On February 10, 2020, President Donald Trump submitted his budget proposal for the fiscal year 2021. The budget, if adopted, could significantly affect borrowers who have federal student loans. The plan includes around $2 trillion in cuts to student loan initiatives and other safety net programs, including getting rid of the Public Service Loan Forgiveness (PSLF) program and making other cutbacks to education programs.
The PSLF program was initially passed by a Democrat-controlled Congress and President George W. Bush signed it into law in 2007. This program promises loan discharges to borrowers who are employed full-time (more than 30 hours each week) in an eligible federal, state, or local public service job or 501(c)(3) non-profit job, who make 120 eligible on-time payments, and meet other criteria. With this forgiveness program in place, workers with student loan debt have an incentive to remain in lower-paying public-sector jobs. Teachers, nurses, and social workers, for example, can potentially benefit from the program after they've made 10 years' worth of payments. But Trump’s 2021 budget proposal calls for an end to PSLF. With the proposed budget, it’s likely that participants in the current PSLF program would be grandfathered in, which would allow them to qualify for forgiveness, if eligible. However, loan forgiveness wouldn’t be available to new borrowers. Last year’s budget also called for an end to PSLF, but Congress didn’t adopt the proposal.
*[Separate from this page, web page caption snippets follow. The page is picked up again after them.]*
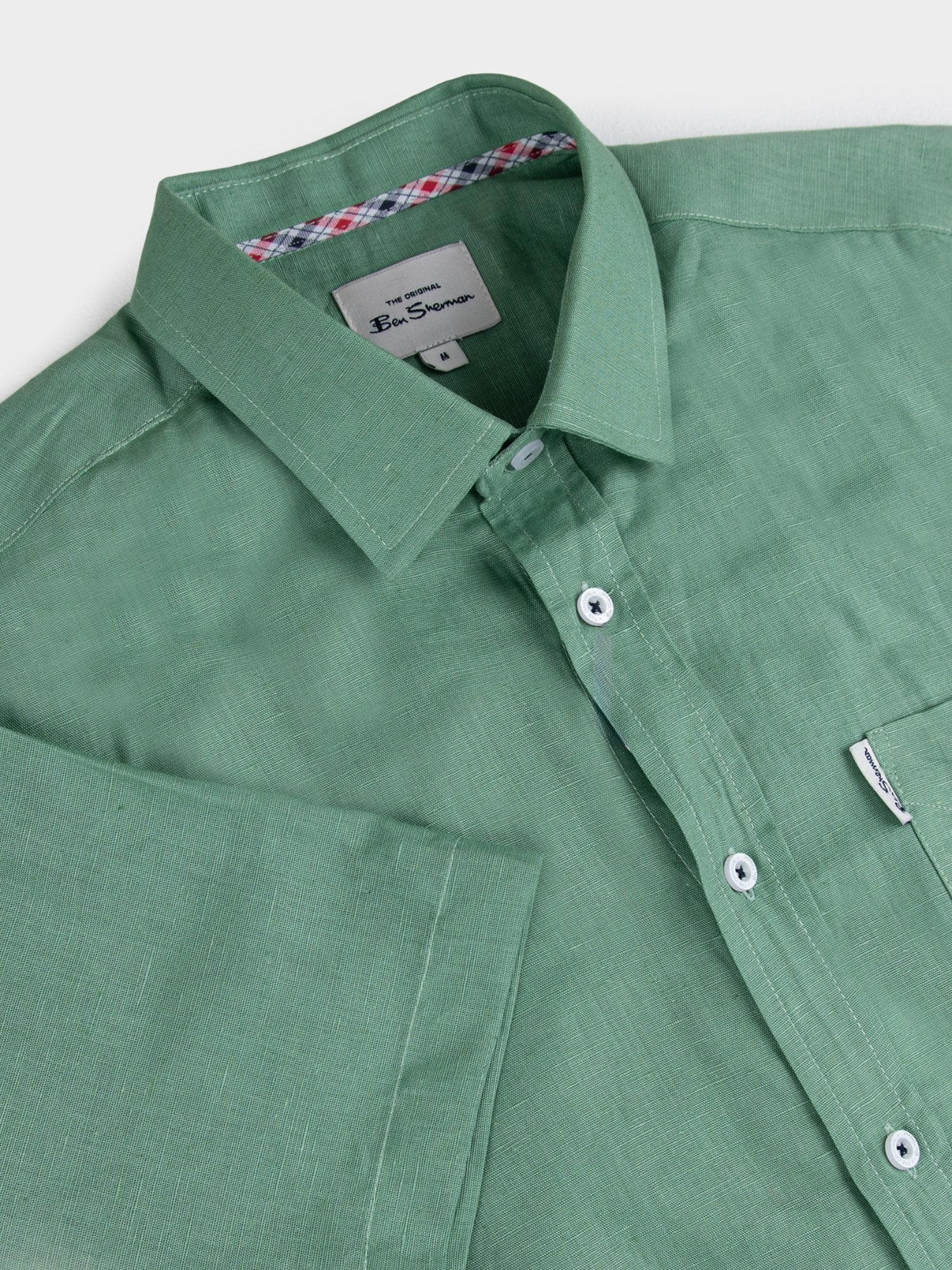 Ben Sherman Mens Short Sleeve Sage Linen Shirt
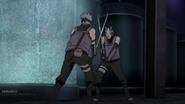 Kakashi battling Kinoe.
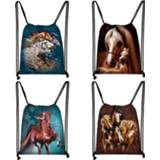 👉 Backpack vrouwen meisjes Animal Horse Print Drawstring Bag Women Fashion Storage for Travel Girls Bookbag Shoes Holder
The 2021 budget plan also calls for an end to subsidized student loans, limits on annual and lifetime borrowing, simplifying student loan repayment plans, and other proposals, like expanding eligibility for Pell Grants. Unlike some plans proposed by Democratic presidential candidates, the proposal doesn’t include a plan for canceling student loan debt.
Ultimately, though, the president’s budget proposal is just that—a proposal. After the budget gets to Congress, any number of changes can and likely will happen. Still, if you have student loans or are thinking about taking some out, it’s worth keeping tabs on this plan as it’s likely that the federal student loan program will change at some point.